Barclays joins Salica Investments’ £150m Growth Debt Fund II as cornerstone investor

Salica Investments has announced that Barclays has joined as a cornerstone investor in its £150m Growth Debt Fund II.

The new investment follows Fund II’s first close, which also included backing from the British Business Bank and the West Yorkshire Pension Fund.

The collaboration marks a key milestone in Salica’s mission to provide growth-stage debt financing to high-potential scaling companies across the UK.

Barclays’ participation follows its Entrepreneurs Week 2025 and aligns with the bank’s broader Innovation Banking strategy, supporting founders in key sectors such as software and IP-rich hardware.

David Hayers, head of growth debt at Salica Investments, said: “We are delighted to welcome Barclays as a cornerstone investor, joining the British Business Bank and West Yorkshire Pension Fund.

“Barclays’ commitment is a strong endorsement of our track record in backing fast growing software and IP-rich hardware companies right across the UK.

“With Barclays support, we can further expand our ability to provide flexible growth capital to some of the country’s most innovative technology businesses.”

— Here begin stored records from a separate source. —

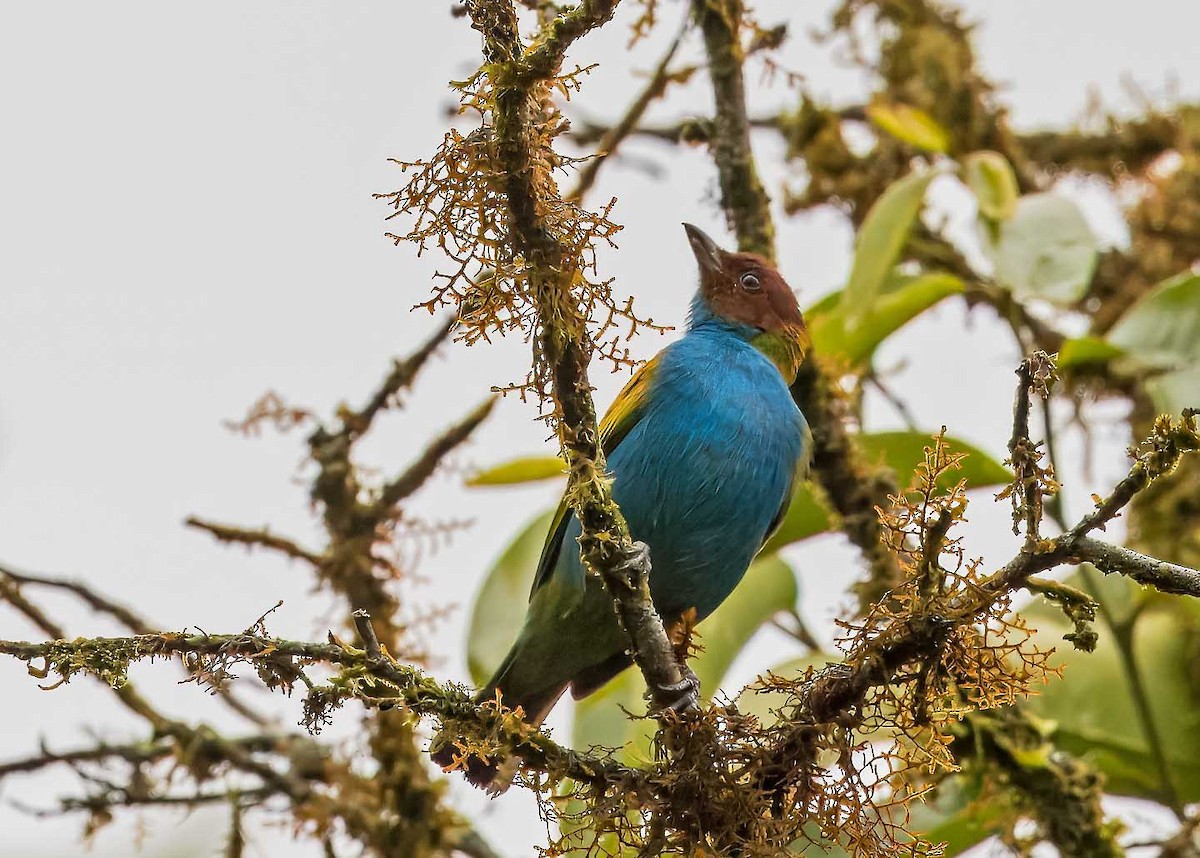 Bay-headed Tanager - ML625349007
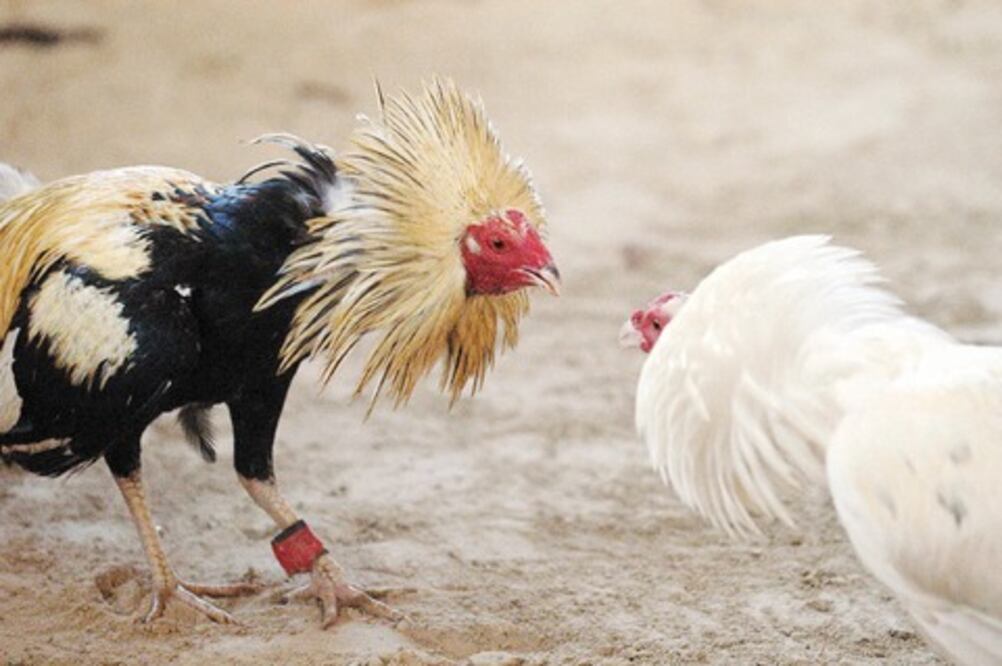 Municipio va contra peleas de gallos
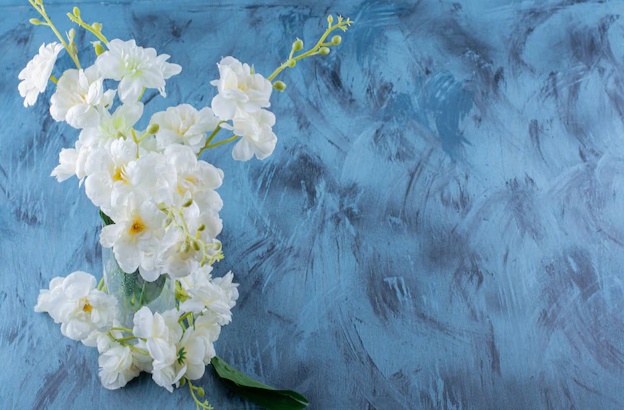 Selain Dijadikan Parfum dan Produk Kecantikan, 7 Manfaat Bunga Melati Ini Bagus untuk Atasi Penyakit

Abdul Qureshi, head of business banking at Barclays, said: “Barclays is committed to powering the UK’s innovation economy, by helping ambitious founders and innovators scale and grow at pace.

“We do that through provision of finance as well as growth support via Barclays Innovation Banking and Eagle Labs proposition.

“We are delighted to be able to further broaden our funding proposition for scaleups through our collaboration with partners like Salica.

“This new investment into Salica’s venture debt fund will help ensure that the UK’s most ambitious entrepreneurs have access to the venture funding options they need to grow and thrive.”

Andrew Noyons, Managing Partner at Salica Investments, said: “We are excited to build on Fund I’s attractive investment performance with this larger successor fund. The Fund’s strategy, with a domestic lending focus, is well aligned with the Mansion House Accord objectives to boost saver outcomes and deliver UK growth. Furthermore, this collaboration strengthens our shared ambition to help the best of the UK’s founders scale globally competitive companies that drive productivity, innovation and long-term economic growth.”

Adam Kelly, Managing Director and Co-Head of Funds at the British Business Bank, added: “Following on from the success of Salica’s inaugural fund, which provided vital capital to high growth businesses across the UK’s Nations and regions, we are excited to continue our partnership by backing Fund II. Venture debt funds like Salica’s Growth Debt Fund can help UK businesses to achieve strong growth without reducing control of their business.”